# TASK GOAL
Quote the entries below from the line with "- الصورة ⁦3⁩" through the line with "Breakfast meal", both ends included, and only those lines.

________

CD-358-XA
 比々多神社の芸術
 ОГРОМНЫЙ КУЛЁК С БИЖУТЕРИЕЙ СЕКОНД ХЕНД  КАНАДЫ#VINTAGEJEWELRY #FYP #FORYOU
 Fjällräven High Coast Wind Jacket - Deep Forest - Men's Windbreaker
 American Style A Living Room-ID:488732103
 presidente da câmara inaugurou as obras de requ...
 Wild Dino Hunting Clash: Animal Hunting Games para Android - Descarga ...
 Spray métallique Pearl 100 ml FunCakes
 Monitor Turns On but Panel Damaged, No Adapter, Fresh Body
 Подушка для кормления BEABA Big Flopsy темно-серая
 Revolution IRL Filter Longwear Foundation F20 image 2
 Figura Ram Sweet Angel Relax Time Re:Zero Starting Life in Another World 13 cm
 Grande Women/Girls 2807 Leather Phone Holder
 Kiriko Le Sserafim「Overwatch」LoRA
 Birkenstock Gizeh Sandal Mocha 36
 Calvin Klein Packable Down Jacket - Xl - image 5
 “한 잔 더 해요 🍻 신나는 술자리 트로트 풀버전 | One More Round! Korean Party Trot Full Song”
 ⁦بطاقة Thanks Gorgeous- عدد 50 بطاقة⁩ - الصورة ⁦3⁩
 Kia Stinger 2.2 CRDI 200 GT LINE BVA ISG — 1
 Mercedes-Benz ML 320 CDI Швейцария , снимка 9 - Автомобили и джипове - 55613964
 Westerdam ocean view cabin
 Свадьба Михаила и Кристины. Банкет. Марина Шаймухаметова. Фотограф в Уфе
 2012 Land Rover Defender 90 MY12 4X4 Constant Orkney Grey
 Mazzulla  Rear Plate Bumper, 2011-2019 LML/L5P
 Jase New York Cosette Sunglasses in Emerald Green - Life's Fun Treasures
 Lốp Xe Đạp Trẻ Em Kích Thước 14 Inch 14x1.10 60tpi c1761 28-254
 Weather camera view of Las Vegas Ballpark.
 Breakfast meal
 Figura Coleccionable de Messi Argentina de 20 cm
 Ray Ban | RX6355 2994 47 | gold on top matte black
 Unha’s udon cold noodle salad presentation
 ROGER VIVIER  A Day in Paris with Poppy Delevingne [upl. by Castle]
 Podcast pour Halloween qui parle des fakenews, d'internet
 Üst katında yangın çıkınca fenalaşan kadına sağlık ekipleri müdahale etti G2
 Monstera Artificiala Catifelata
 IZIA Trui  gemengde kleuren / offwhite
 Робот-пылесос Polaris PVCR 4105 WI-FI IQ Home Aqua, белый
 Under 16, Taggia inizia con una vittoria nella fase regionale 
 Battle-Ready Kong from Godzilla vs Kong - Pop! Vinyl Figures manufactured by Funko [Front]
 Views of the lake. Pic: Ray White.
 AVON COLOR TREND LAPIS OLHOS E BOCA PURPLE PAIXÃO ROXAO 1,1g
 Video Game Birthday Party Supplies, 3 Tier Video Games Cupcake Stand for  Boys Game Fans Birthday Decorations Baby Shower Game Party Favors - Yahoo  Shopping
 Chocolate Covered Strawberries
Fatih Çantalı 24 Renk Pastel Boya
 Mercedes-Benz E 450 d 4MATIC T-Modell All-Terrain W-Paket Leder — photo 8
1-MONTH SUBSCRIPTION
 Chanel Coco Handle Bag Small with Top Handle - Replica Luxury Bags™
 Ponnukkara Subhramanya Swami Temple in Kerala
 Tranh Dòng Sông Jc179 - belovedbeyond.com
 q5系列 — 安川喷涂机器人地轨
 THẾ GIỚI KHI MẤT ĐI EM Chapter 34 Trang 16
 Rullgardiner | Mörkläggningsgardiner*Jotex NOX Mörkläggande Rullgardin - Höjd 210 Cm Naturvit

________

# TASK RESPONSE
 ⁦بطاقة Thanks Gorgeous- عدد 50 بطاقة⁩ - الصورة ⁦3⁩
 Kia Stinger 2.2 CRDI 200 GT LINE BVA ISG — 1
 Mercedes-Benz ML 320 CDI Швейцария , снимка 9 - Автомобили и джипове - 55613964
 Westerdam ocean view cabin
 Свадьба Михаила и Кристины. Банкет. Марина Шаймухаметова. Фотограф в Уфе
 2012 Land Rover Defender 90 MY12 4X4 Constant Orkney Grey
 Mazzulla  Rear Plate Bumper, 2011-2019 LML/L5P
 Jase New York Cosette Sunglasses in Emerald Green - Life's Fun Treasures
 Lốp Xe Đạp Trẻ Em Kích Thước 14 Inch 14x1.10 60tpi c1761 28-254
 Weather camera view of Las Vegas Ballpark.
 Breakfast meal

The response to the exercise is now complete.